**PROBLEM**:
From the entries below, output the line with "Orecchini a perno" and each following line up to and including the line with "KNADE223396504619 - 2009", exactly as written.

**Collected data**:
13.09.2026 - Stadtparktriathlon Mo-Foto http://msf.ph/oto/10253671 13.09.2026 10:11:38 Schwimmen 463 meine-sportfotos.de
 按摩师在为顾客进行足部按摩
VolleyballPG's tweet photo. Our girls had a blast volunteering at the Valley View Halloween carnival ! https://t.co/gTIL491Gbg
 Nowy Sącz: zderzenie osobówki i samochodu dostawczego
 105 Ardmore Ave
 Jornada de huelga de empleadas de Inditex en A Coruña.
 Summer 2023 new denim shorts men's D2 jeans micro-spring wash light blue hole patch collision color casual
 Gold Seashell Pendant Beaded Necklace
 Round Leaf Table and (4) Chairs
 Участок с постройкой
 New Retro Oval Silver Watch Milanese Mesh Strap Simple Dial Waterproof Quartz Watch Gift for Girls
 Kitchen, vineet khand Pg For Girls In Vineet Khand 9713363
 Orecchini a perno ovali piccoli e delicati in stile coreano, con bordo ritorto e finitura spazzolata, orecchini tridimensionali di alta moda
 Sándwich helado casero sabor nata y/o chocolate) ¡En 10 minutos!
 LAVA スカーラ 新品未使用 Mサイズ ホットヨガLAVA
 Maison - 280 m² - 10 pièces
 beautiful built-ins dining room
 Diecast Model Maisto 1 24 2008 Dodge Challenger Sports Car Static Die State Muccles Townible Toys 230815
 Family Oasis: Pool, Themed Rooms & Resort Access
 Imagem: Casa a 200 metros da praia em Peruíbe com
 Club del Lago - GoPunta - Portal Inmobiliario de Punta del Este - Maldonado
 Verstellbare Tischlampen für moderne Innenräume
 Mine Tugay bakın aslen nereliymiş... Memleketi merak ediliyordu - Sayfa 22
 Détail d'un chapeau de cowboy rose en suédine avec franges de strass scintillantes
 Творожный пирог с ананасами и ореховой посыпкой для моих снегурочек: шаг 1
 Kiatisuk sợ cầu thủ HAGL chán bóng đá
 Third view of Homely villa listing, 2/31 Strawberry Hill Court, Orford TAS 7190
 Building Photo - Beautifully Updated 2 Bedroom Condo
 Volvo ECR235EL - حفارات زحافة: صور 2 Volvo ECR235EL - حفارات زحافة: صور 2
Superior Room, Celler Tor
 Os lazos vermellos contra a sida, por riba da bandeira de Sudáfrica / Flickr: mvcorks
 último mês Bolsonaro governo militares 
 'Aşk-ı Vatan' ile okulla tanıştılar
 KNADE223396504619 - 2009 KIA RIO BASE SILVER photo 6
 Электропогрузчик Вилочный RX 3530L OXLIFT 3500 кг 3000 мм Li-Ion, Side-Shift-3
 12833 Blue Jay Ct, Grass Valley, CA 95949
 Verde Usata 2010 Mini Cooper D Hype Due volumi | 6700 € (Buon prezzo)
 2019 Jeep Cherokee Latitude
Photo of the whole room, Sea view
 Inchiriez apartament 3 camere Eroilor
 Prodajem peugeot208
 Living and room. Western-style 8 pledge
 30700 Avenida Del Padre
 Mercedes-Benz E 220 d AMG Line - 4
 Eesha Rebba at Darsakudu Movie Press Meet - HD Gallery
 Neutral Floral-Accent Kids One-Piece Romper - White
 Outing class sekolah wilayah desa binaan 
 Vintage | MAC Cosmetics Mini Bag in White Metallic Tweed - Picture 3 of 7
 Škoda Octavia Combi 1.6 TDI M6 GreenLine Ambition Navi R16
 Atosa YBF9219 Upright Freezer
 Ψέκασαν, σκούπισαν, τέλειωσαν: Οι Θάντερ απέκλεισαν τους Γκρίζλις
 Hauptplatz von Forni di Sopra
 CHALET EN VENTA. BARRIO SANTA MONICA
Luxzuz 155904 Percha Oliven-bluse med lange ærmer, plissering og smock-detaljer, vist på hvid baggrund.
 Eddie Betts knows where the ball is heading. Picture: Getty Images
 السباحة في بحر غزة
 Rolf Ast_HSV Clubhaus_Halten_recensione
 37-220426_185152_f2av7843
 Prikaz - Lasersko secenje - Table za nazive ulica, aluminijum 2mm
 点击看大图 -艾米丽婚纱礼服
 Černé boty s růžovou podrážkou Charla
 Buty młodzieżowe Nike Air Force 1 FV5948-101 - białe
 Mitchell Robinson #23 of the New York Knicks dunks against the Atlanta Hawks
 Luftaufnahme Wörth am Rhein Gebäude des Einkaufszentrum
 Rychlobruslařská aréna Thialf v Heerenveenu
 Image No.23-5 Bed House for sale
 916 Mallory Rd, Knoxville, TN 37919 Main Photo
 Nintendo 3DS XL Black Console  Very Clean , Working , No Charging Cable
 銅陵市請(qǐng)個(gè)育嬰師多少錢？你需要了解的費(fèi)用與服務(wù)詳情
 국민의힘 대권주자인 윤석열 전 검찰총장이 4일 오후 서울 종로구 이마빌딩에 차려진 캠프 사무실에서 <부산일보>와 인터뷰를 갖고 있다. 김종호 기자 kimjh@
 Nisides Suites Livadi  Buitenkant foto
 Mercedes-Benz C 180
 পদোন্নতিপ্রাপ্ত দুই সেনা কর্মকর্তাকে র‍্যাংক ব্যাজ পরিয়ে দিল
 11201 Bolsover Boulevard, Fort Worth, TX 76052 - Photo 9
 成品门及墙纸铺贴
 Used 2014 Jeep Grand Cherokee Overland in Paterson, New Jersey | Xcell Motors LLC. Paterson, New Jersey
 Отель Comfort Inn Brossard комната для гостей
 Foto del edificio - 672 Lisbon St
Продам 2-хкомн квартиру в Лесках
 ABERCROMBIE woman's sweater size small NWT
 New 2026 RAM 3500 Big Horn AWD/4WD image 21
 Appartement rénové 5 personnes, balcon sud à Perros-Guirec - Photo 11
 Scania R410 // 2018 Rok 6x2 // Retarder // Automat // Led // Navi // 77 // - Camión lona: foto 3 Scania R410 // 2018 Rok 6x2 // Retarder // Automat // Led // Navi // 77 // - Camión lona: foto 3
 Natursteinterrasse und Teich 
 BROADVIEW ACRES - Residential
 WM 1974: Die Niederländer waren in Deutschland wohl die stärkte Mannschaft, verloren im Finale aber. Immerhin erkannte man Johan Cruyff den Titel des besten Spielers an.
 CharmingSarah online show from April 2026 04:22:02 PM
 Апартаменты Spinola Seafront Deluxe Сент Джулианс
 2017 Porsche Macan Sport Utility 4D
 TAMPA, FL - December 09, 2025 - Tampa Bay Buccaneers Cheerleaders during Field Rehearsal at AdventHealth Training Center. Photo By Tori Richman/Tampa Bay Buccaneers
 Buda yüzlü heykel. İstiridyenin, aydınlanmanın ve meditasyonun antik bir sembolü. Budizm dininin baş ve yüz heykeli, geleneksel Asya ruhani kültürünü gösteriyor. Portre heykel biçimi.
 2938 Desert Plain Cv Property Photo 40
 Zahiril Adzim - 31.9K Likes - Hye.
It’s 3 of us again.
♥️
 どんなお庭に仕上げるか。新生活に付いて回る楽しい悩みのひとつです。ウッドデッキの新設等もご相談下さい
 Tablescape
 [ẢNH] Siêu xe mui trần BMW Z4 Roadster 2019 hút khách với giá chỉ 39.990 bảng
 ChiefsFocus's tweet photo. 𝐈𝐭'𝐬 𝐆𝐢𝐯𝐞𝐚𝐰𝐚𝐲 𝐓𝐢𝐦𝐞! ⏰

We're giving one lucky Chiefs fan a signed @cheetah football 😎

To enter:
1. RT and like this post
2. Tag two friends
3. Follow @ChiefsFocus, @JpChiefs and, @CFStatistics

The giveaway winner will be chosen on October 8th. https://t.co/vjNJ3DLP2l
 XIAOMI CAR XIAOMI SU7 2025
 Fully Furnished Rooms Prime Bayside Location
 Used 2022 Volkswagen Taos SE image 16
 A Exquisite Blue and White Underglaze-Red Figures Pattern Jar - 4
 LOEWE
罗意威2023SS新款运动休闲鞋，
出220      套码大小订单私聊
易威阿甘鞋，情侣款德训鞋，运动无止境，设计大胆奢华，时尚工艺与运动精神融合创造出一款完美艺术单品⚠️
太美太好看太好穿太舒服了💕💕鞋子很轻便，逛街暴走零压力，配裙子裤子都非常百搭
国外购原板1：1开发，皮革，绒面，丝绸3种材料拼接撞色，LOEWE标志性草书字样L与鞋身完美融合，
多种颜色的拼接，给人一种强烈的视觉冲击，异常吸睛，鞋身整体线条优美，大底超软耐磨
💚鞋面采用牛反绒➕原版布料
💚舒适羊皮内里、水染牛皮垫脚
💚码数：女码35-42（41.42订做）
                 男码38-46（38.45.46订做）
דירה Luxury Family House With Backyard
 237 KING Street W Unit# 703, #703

**TASK ANSWER**:
 Orecchini a perno ovali piccoli e delicati in stile coreano, con bordo ritorto e finitura spazzolata, orecchini tridimensionali di alta moda
 Sándwich helado casero sabor nata y/o chocolate) ¡En 10 minutos!
 LAVA スカーラ 新品未使用 Mサイズ ホットヨガLAVA
 Maison - 280 m² - 10 pièces
 beautiful built-ins dining room
 Diecast Model Maisto 1 24 2008 Dodge Challenger Sports Car Static Die State Muccles Townible Toys 230815
 Family Oasis: Pool, Themed Rooms & Resort Access
 Imagem: Casa a 200 metros da praia em Peruíbe com
 Club del Lago - GoPunta - Portal Inmobiliario de Punta del Este - Maldonado
 Verstellbare Tischlampen für moderne Innenräume
 Mine Tugay bakın aslen nereliymiş... Memleketi merak ediliyordu - Sayfa 22
 Détail d'un chapeau de cowboy rose en suédine avec franges de strass scintillantes
 Творожный пирог с ананасами и ореховой посыпкой для моих снегурочек: шаг 1
 Kiatisuk sợ cầu thủ HAGL chán bóng đá
 Third view of Homely villa listing, 2/31 Strawberry Hill Court, Orford TAS 7190
 Building Photo - Beautifully Updated 2 Bedroom Condo
 Volvo ECR235EL - حفارات زحافة: صور 2 Volvo ECR235EL - حفارات زحافة: صور 2
Superior Room, Celler Tor
 Os lazos vermellos contra a sida, por riba da bandeira de Sudáfrica / Flickr: mvcorks
 último mês Bolsonaro governo militares 
 'Aşk-ı Vatan' ile okulla tanıştılar
 KNADE223396504619 - 2009 KIA RIO BASE SILVER photo 6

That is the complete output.